◆ **What is expected**
Would you please copy the entries exactly, leaving every picture aside?

◆ **Data listing**
***
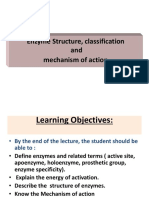 Enzyme Structure, Classification and Mechanism of Action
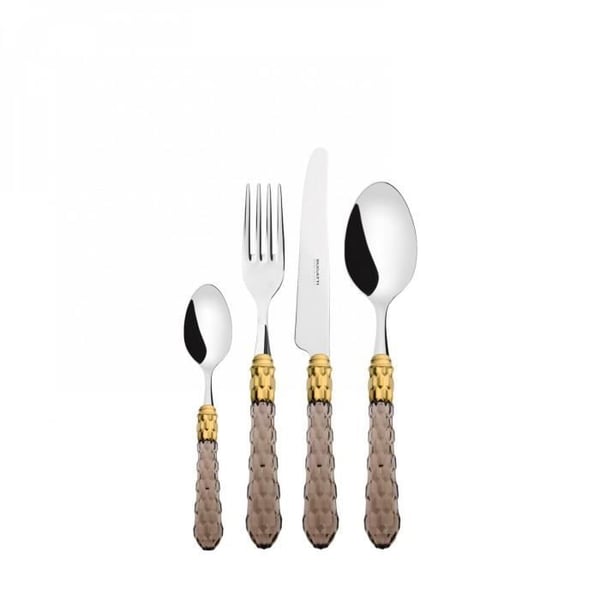 Bestick - KRISTALL - Set med 24 delar - Rostfritt stål 18/10 - Guld finish - Genomskinlig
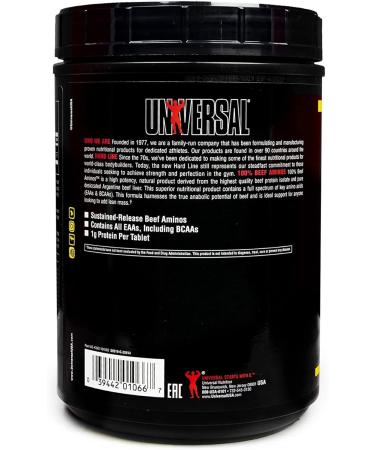 Universal Beef Aminos Tablets | 100% Pure Beef Protein Complex with EAAs & BCAAs | 66 Servings of Desiccated Argentine Beef Liver - Buy Online on GoSupps.com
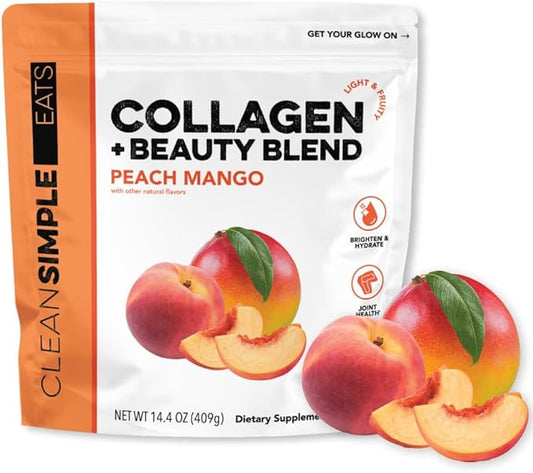 Clean Simple Eats Collagen Powder + Beauty Blend, Peach Mango, 11G Hydrolyzed Collagen Peptides from Grass Fed Bovine & Chicken, Hyaluronic Acid for Hair, Skin, Nail & Joint Support, 30 Servings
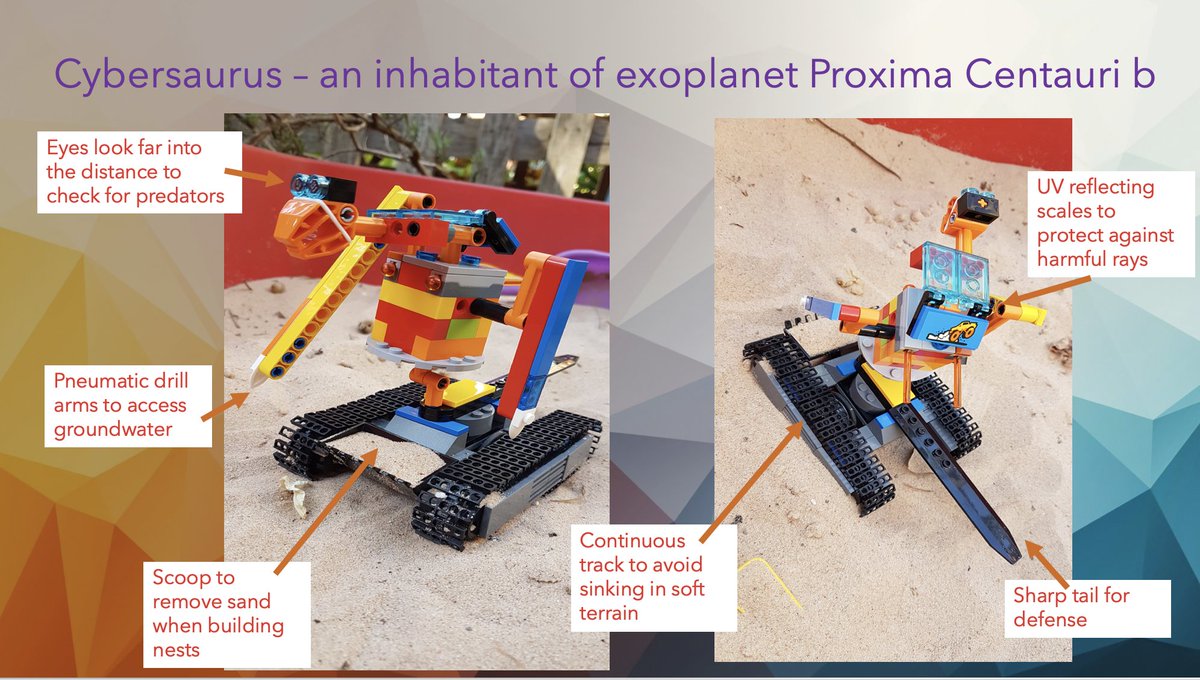 KCLGenomics's tweet photo. @NHM_Learn and @LEGO_Group Jacob (age 7) imagined a half-machine, half-reptile CYBERSAURUS! It thrives in the hostile desert environment. #NHMLEGO https://t.co/Rws99AX8xG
***
◆ **Worked solution**
 Enzyme Structure, Classification and Mechanism of Action
 Bestick - KRISTALL - Set med 24 delar - Rostfritt stål 18/10 - Guld finish - Genomskinlig
 Universal Beef Aminos Tablets | 100% Pure Beef Protein Complex with EAAs & BCAAs | 66 Servings of Desiccated Argentine Beef Liver - Buy Online on GoSupps.com
 Clean Simple Eats Collagen Powder + Beauty Blend, Peach Mango, 11G Hydrolyzed Collagen Peptides from Grass Fed Bovine & Chicken, Hyaluronic Acid for Hair, Skin, Nail & Joint Support, 30 Servings
 KCLGenomics's tweet photo. @NHM_Learn and @LEGO_Group Jacob (age 7) imagined a half-machine, half-reptile CYBERSAURUS! It thrives in the hostile desert environment. #NHMLEGO https://t.co/Rws99AX8xG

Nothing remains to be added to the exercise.